Integrated Ferroelectrics ( IF 0.7 ) Pub Date : 2022-07-21 , DOI: 10.1080/10584587.2022.2072126 Wang Min, Lu Xikun, Zhou Yi-di
Abstract
Composite steel is the most commonly used material for artillery barrels. Ablation and wear of the steel material during artillery firing affect the life of the barrel. In this paper, we propose a new model that combines the advantages of convolutional neural network (CNN) and long and short-term memory network (LSTM) in feature extraction and memory prediction, respectively, using Nadam (Nesterov-accelerated Adaptive Moment Estimation) algorithm and Bayesian Optimization (BO) to optimize the model parameters.
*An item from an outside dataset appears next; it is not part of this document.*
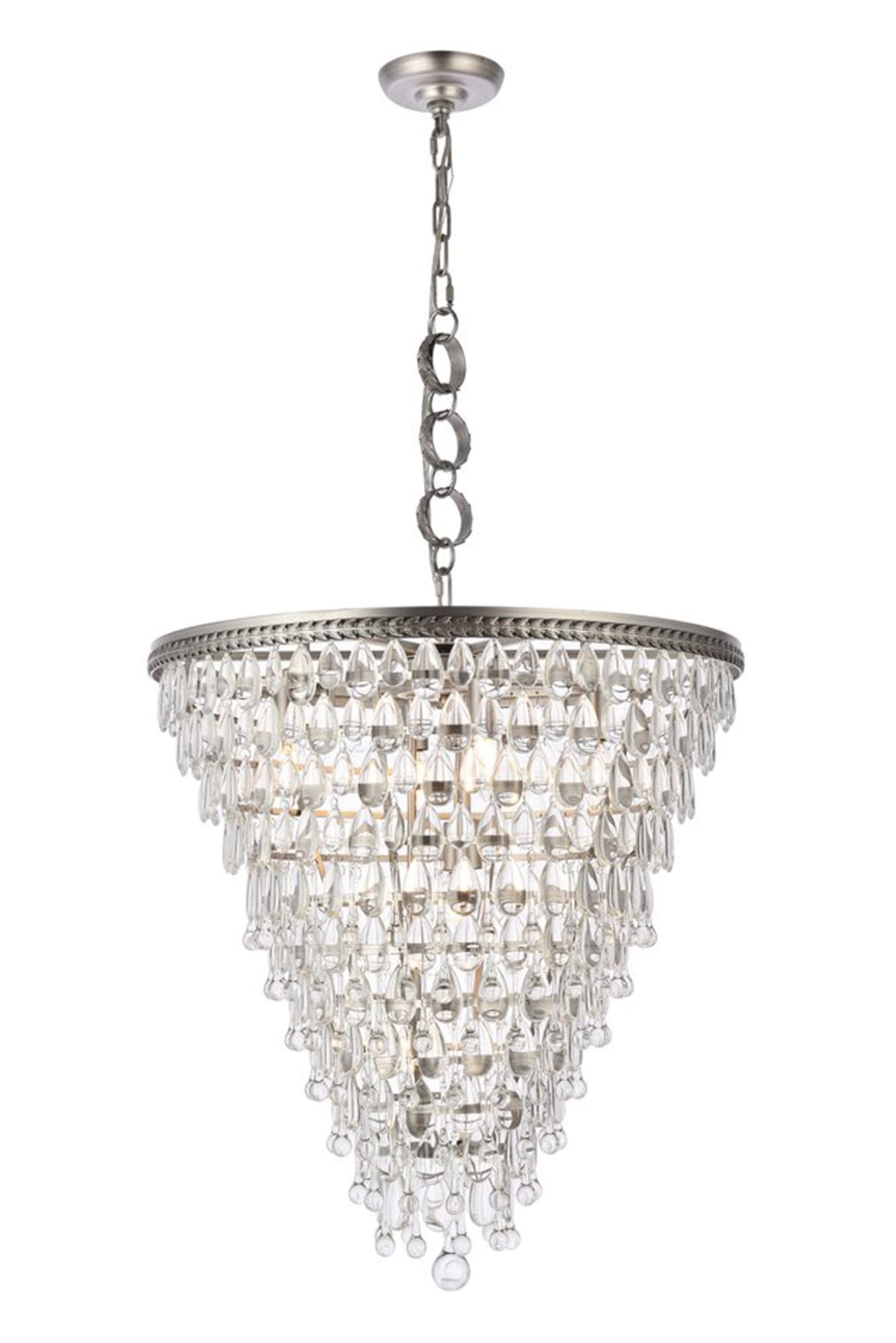 Elegant Lighting 1219D24As/Rc Nordic Collection Pendant Lamp D24' H26' 7-Light, Clear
The improved accuracy compared to other prediction models demonstrates the feasibility and superiority of the model.
中文翻译:
基于贝叶斯优化CNN-LSTM的枪支寿命预测模型
摘要
复合钢是炮管最常用的材料。火炮射击过程中钢材的烧蚀和磨损会影响枪管的使用寿命。在本文中,我们提出了一种新模型,该模型结合了卷积神经网络 (CNN) 和长短期记忆网络 (LSTM) 在特征提取和记忆预测方面的优势,分别使用 Nadam (Nesterov-accelerated Adaptive Moment Estimation)算法和贝叶斯优化 (BO) 来优化模型参数。与其他预测模型相比,提高的准确性证明了该模型的可行性和优越性。